CJ! How could this happen to two Outbackers at nearly the same time! What are the odds?

Anyway, maybe the "vent" pipe has only small vent holes. It's not plugged, but it is also not meant for water flow, just airflow.

You guys and your QF mishaps...what's next?










Randy


----------



## camping479 (Aug 27, 2003)

Tim, you're explanation seems to make sense.

If the vent was clogged, I would think pressure would build up in the tank and there would be a terrible odor and a rush of air up out of the toilet when you went to flush it.

When I have the quickie flush on, I listen to it, when the sound of the water running in the tank sounds muffled by water, I turn it off.

Mike


----------



## kk5fe (Mar 6, 2005)

I posted that my dealer had warned me against running water with the QF while the tank was closed  here. I guess they do know what they are talking about at times.....

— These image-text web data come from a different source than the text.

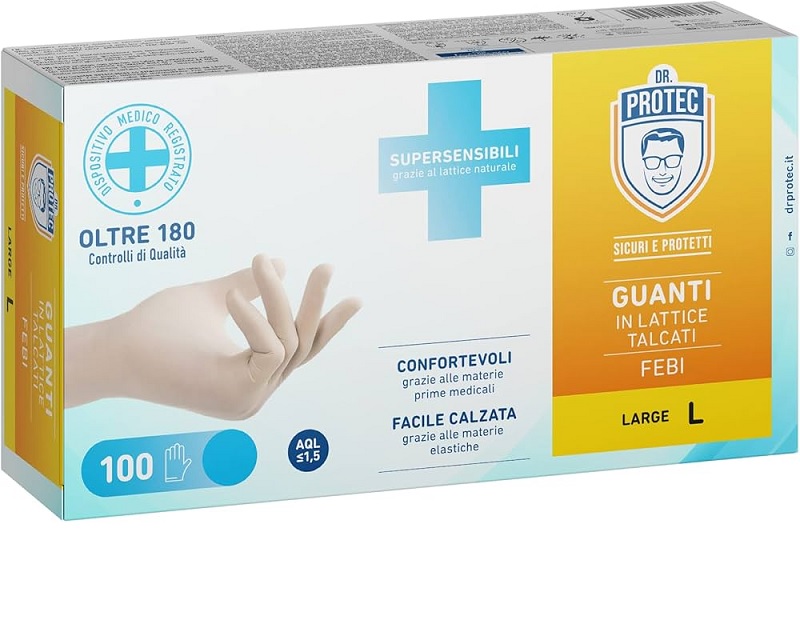 Dr.protec Guanti In Lattice Talcati Febi Taglia L 100 Pezzi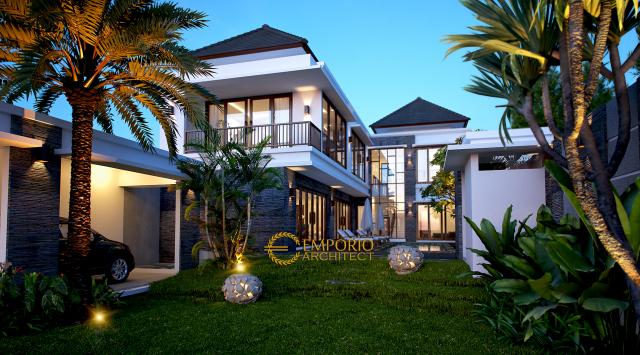 Desain Exterior VIlla Modern 2 Lantai Ibu Cempaka di Canggu, Bali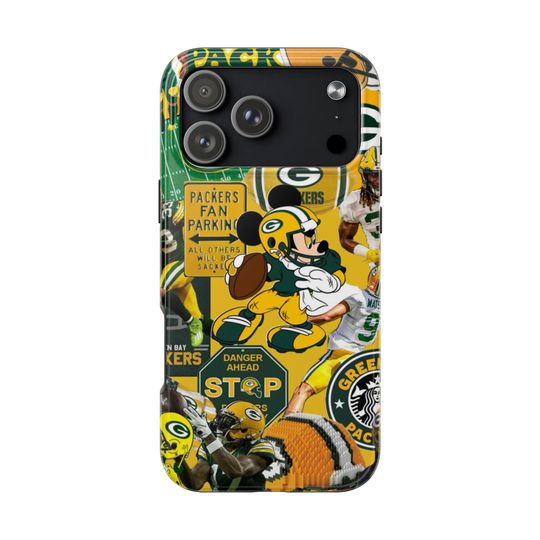 Green Bay Packers iPhone Case | Cartoon Collage, Fan Gift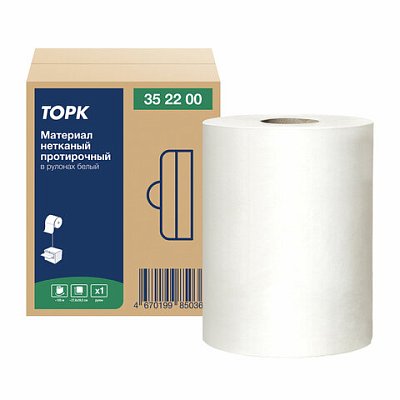 Протирочный нетканый материал TORK Advanced, 266 листов в рулоне, 39.5×27.6 см, белый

I'll continue using the stick to hold the toilet valve open while back filling. Just have to make sure I dont get distracted!


----------



## mskyoutback (Jul 27, 2004)

This reminds me of a camping trip with friends last year. Our friends had a horrible smell in their camper (probably because they had only dumped previously, and not flushed out) so we decided to loan our Flush King and help get them cleaned out really well. His wife was inside cleaning and packing to leave and he told her to watch the toilet and let him know when it was close to full. They let it run quite a while, then all of a sudden there was a shower of blue water from the vent on top of the camper (and on top of our friend!) His wife didn't think she had to actually open the toilet and look down







I'm not really sure how she thought she would know when it was full. Nothing was damaged, except his ego, but at least we know his toilet is vented!!


----------